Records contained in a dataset
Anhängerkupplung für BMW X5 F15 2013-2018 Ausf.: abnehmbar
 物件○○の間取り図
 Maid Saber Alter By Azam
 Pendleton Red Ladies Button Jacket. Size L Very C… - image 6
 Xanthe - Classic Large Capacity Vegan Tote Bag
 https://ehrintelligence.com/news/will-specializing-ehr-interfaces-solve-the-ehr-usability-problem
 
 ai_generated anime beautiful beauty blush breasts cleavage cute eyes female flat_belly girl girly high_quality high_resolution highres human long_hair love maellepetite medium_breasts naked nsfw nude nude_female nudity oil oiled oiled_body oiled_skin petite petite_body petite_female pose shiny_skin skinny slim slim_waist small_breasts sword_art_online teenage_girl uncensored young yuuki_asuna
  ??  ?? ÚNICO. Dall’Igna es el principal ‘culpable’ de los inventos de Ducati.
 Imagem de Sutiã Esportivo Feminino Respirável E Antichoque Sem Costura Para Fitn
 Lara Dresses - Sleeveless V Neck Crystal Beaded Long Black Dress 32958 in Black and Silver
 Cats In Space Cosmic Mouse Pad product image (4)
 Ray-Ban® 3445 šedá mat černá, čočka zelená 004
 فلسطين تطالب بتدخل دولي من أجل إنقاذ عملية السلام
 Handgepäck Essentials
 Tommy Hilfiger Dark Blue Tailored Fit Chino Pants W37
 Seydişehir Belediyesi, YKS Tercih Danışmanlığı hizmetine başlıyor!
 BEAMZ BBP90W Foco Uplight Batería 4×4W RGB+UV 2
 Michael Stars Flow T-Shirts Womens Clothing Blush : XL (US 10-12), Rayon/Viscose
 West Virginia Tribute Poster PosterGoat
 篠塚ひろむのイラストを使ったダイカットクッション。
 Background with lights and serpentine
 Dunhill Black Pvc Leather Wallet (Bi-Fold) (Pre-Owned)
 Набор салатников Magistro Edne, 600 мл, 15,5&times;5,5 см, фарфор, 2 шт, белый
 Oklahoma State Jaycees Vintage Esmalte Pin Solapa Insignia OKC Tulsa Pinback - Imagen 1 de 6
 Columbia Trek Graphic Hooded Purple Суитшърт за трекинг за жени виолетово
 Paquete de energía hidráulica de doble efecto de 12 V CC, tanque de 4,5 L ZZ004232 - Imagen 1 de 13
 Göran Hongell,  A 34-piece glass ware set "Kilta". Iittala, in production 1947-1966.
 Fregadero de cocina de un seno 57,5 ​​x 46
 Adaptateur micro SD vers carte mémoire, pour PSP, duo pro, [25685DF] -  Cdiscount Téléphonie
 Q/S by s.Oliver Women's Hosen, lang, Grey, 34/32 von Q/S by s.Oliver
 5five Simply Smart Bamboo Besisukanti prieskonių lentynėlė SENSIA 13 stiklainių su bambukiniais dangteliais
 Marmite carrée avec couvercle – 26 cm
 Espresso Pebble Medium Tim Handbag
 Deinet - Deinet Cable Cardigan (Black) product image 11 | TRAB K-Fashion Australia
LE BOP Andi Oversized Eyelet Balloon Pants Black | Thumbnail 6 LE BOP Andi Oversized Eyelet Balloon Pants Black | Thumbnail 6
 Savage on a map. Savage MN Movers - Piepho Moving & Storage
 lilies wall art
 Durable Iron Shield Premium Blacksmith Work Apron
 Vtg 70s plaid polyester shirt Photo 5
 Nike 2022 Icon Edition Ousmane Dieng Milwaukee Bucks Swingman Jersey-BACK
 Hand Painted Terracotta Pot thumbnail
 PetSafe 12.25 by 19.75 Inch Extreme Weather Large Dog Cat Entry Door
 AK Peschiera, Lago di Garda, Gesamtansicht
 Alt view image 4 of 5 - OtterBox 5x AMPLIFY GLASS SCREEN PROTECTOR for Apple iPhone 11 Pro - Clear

**WORK TO BE COMPLETED**
Which lines of the records above hold the word "Large"? Copy each of them.

**RESPONSE TO THE TASK**
 Xanthe - Classic Large Capacity Vegan Tote Bag
 PetSafe 12.25 by 19.75 Inch Extreme Weather Large Dog Cat Entry Door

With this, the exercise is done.